Sur la demande subsidiaire au titre de la rupture d'un mandat d'intérêt commun:

L'existence d'un mandat d'intérêt commun implique un intérêt réciproque des parties et une collaboration permettant d'aboutir à l'obtention et à l'accroissement d'une clientèle commune.

Or, en l'espèce les parties n'étaient liées que par un contrat de prestation de services, la société Air Promotion Group s'étant engagée à réaliser des prestations pour le compte de la société Corsair en appliquant strictement les procédures et conditions fixées par cette dernière.

En outre, la société Air Promotion Group n'établit pas avoir reçu pour mission de développer la clientèle de la société Corsair.

En réalité, la société Air Promotion Group n'a pour seules clientes que les compagnies aériennes pour le compte desquelles elle effectue des prestations téléphoniques et non les clients desdites compagnies.

En conséquence, le jugement entrepris doit être confirmé en ce qu'il estimait qu'il n'y avait pas lieu de qualifier les relations contractuelles entre la société Corsair et la société Air Promotion Group de mandat d'intérêt commun.

Sur les autres demandes :

Le jugement dont appel doit être confirmé en ce qu'il a alloué à la société Corsair la somme de 5 000 euro au titre des frais irrépétibles de première instance.

L'équité commande d'allouer à la société Corsair une indemnité de 7 000 euro au titre de l'article 700 du Code de procédure civile en appel.

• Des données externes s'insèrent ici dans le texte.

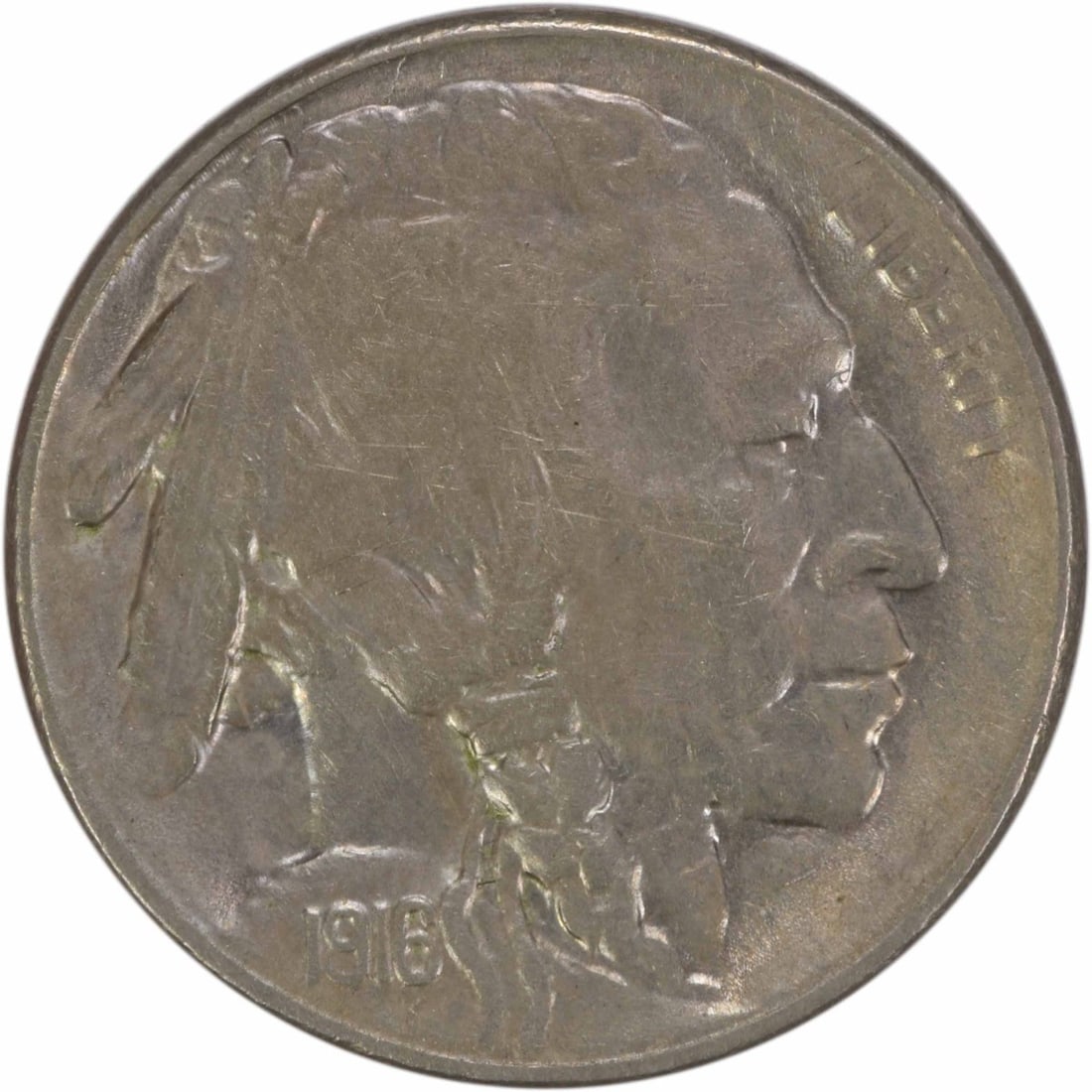 1916-S Buffalo Nickel Choice BU Uncertified Coin: 1916-S Buffalo Nickel Choice BU Uncertified Coin This 1916-S Buffalo Nickel is a striking piece, classified as Choice BU (Brilliant Uncirculated), and is ungraded. Minted in 1916 at the San Francisco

Par ces motifs : LA COUR, statuant publiquement, contradictoirement et en dernier ressort, Confirme le jugement déféré en toutes ses dispositions, Déboute les parties de leurs plus amples demandes, Condamne la société Air Promotion Group à payer à la société Corsair la somme de 7 000 euro au titre de l'article 700 du Code de procédure civile, Condamne la société Air Promotion Group aux dépens d'appel, qui seront recouvrés conformément aux dispositions de l'article 699 du Code de procédure civile.